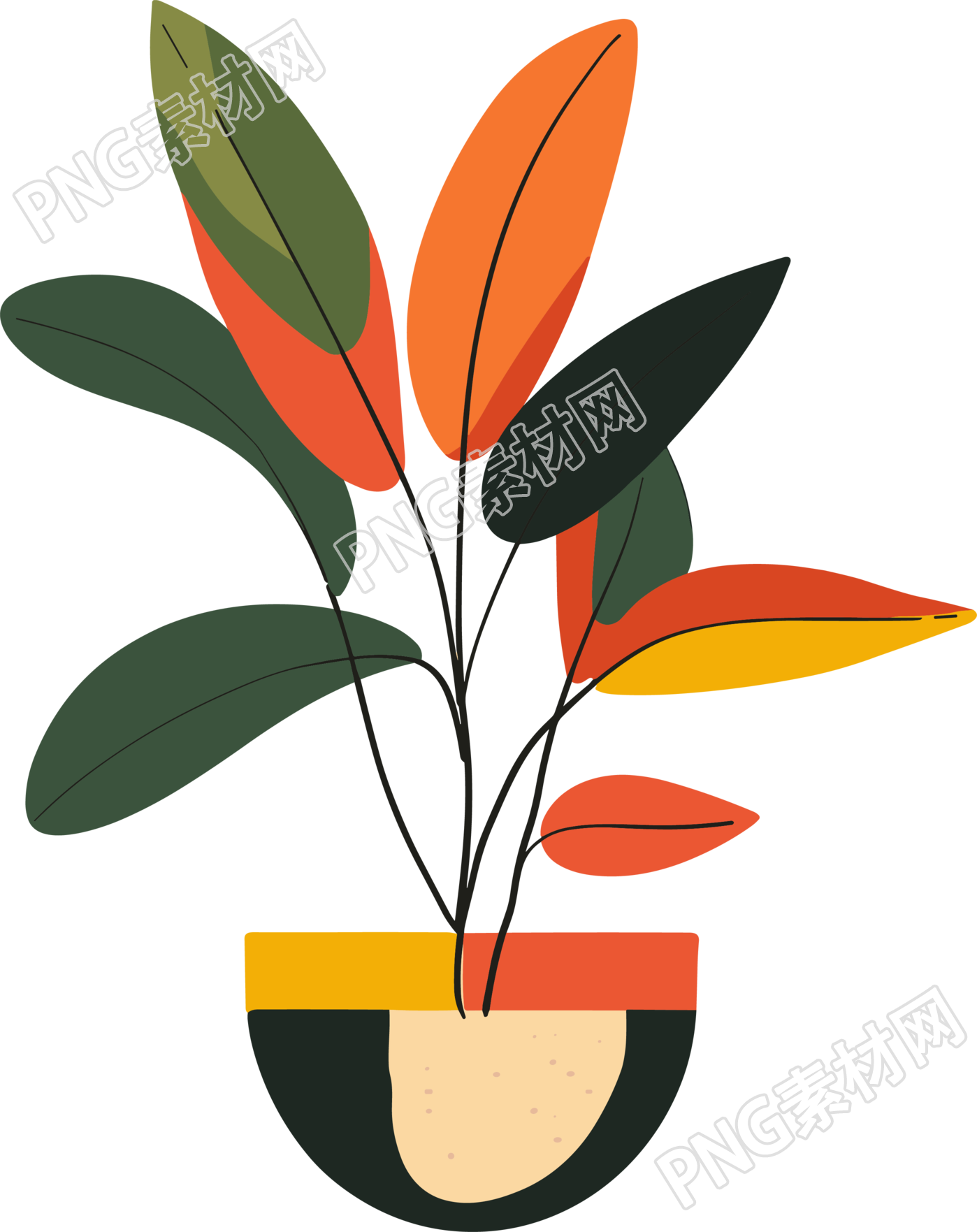 抽象植物创意插画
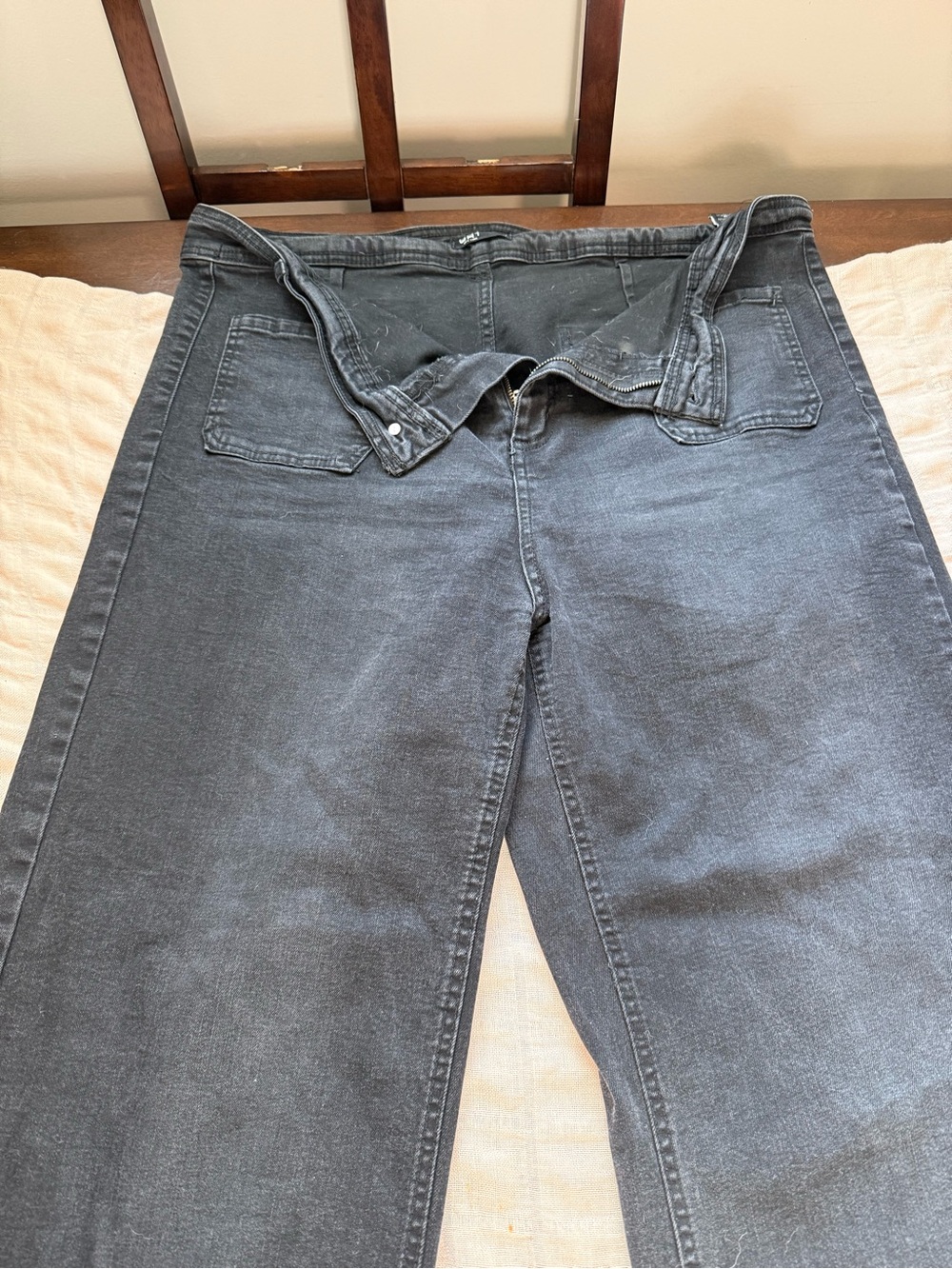 Oat New York Wide-Leg High-Rise Black Denim Jeans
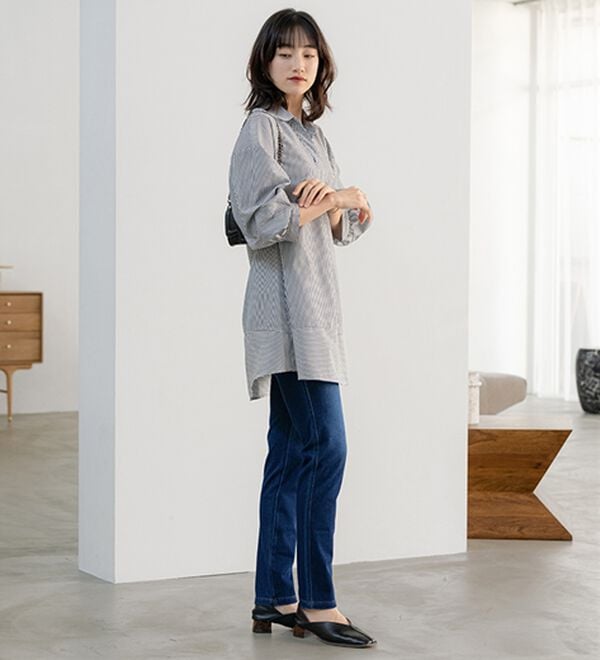 BELLUNA（ベルーナ）の「麻調素材袖タックデザインシャツチュニック（チュニック）」｜詳細画像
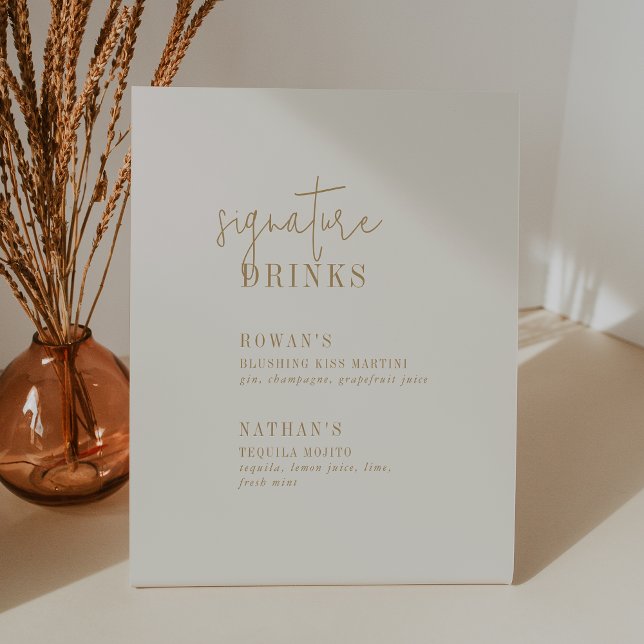 Modern Chic Vintage Gold Signature Drinks Sign (Creator Uploaded)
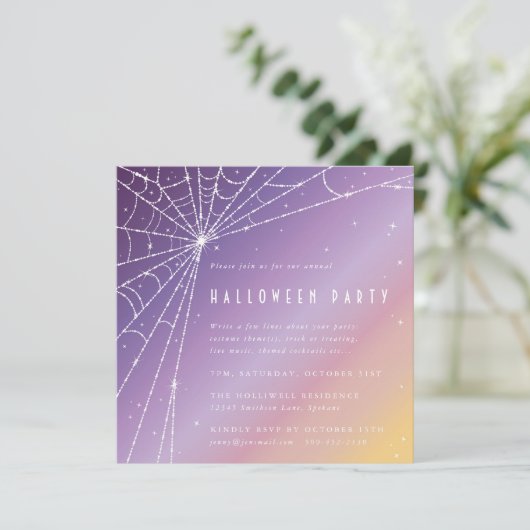 Square Diamond Spider Web Halloween Party Kaart (Staand voorkant)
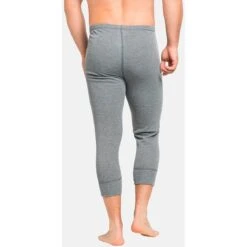Odlo Active Warm 3/4 Base Layer Bottoms Men - Odlo Steel Grey Melange -Odlo odlo mens active warm eco 3 4 base layer pants odlo steel grey melange 2 1328893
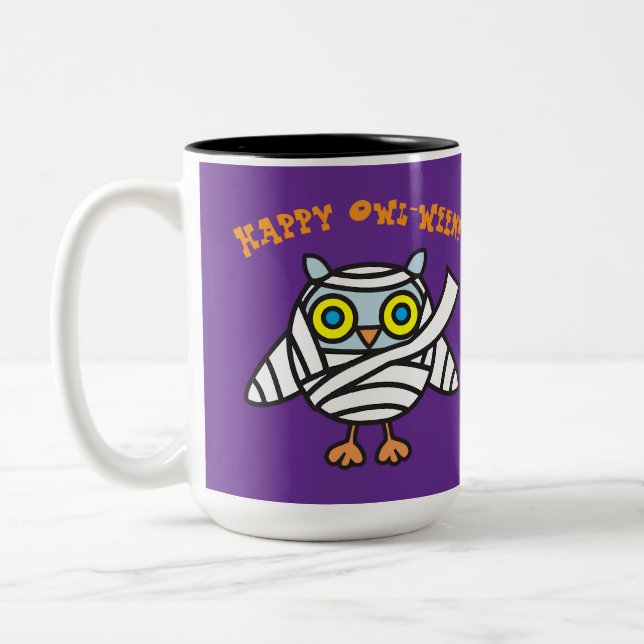 Happy Owl-Ween! Owl Mummy Halloween Tasse (Links)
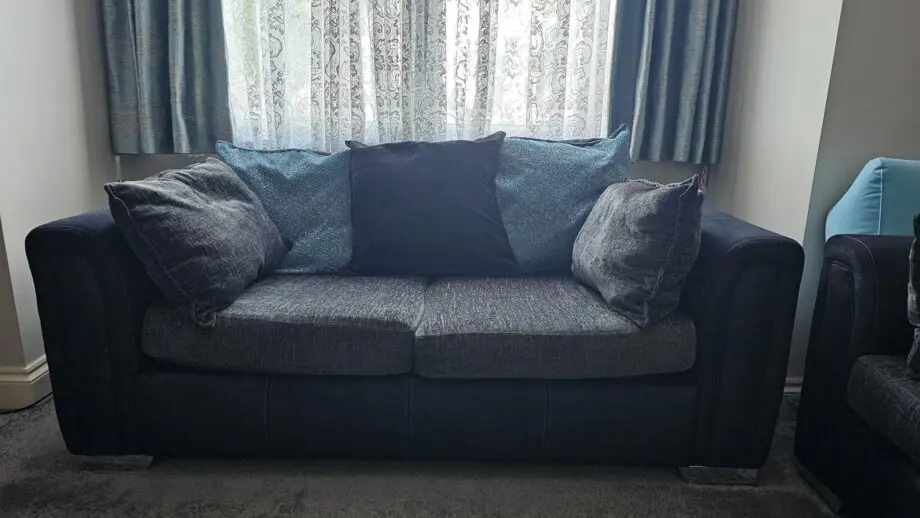 Charcoal/Teal/Black DFS fabric sofa set for sale - 3 pieces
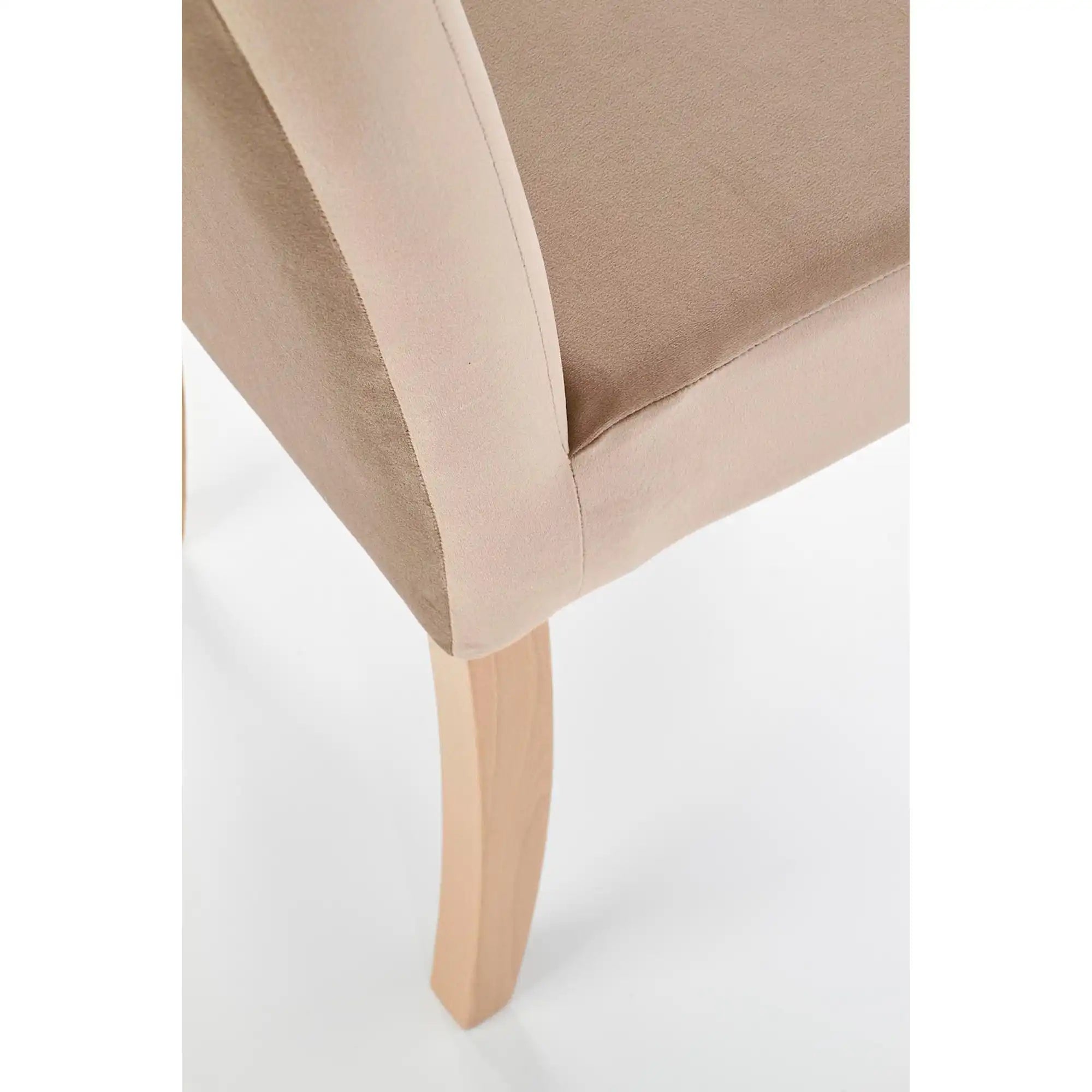 Scaun CLARION, maro/stejar, stofa catifelata/lemn, 42x58x97 cm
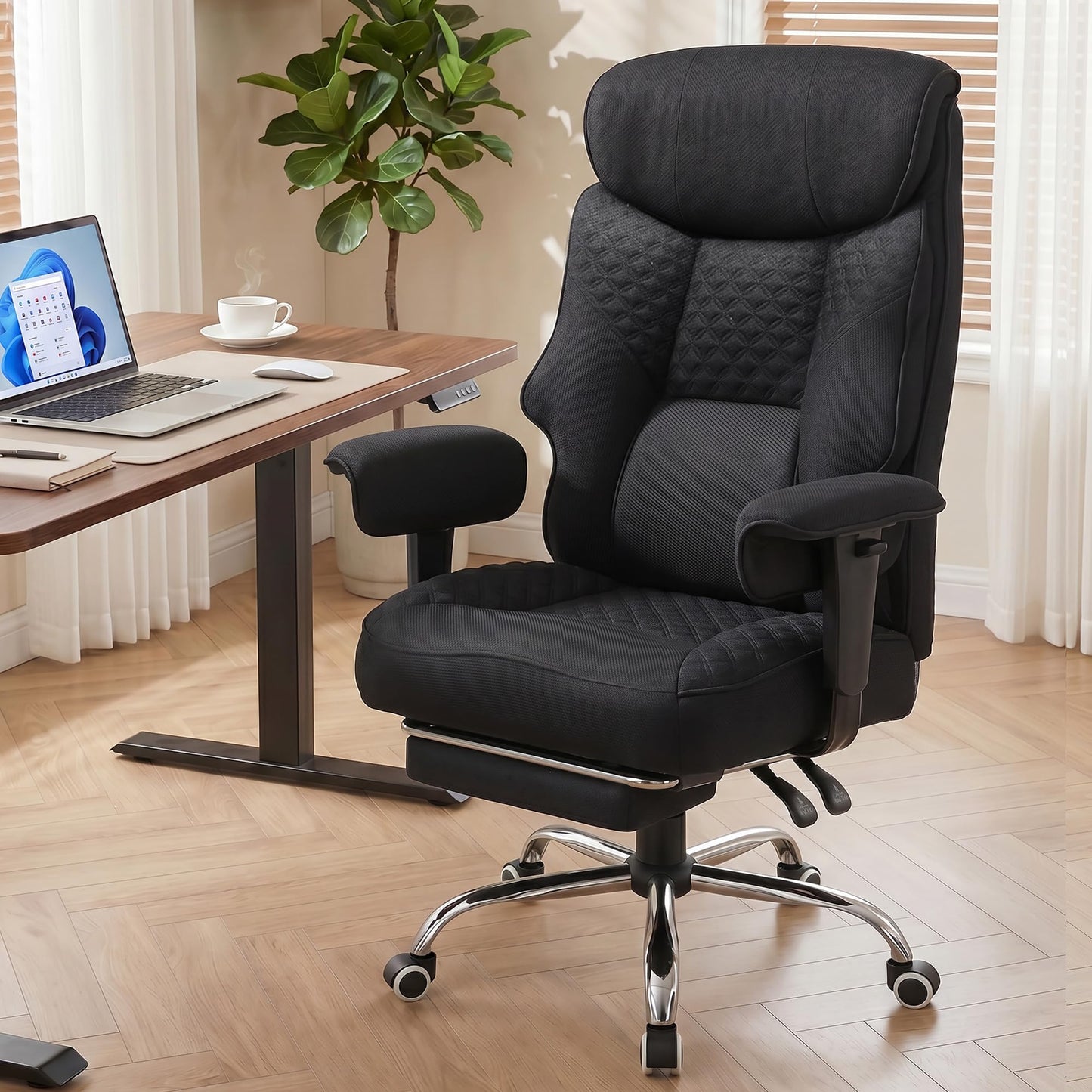 GTPLAYER Big and Tall Office Chair, High Back Computer Gaming Chair with Ergonomic Lumbar Support &Pocket Spring Cushion for Lower Back Pain Relief, Fabric Executive Chair with Foot Rest, Black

# # #

Your goal.
Print only the lines from the one with "Square Diamond Spider" through the last line of the data above, exactly and with both ends, and please omit any pictures.

Your solution.
 Square Diamond Spider Web Halloween Party Kaart (Staand voorkant)
Odlo Active Warm 3/4 Base Layer Bottoms Men - Odlo Steel Grey Melange -Odlo odlo mens active warm eco 3 4 base layer pants odlo steel grey melange 2 1328893
 Happy Owl-Ween! Owl Mummy Halloween Tasse (Links)
 Charcoal/Teal/Black DFS fabric sofa set for sale - 3 pieces
 Scaun CLARION, maro/stejar, stofa catifelata/lemn, 42x58x97 cm
 GTPLAYER Big and Tall Office Chair, High Back Computer Gaming Chair with Ergonomic Lumbar Support &Pocket Spring Cushion for Lower Back Pain Relief, Fabric Executive Chair with Foot Rest, Black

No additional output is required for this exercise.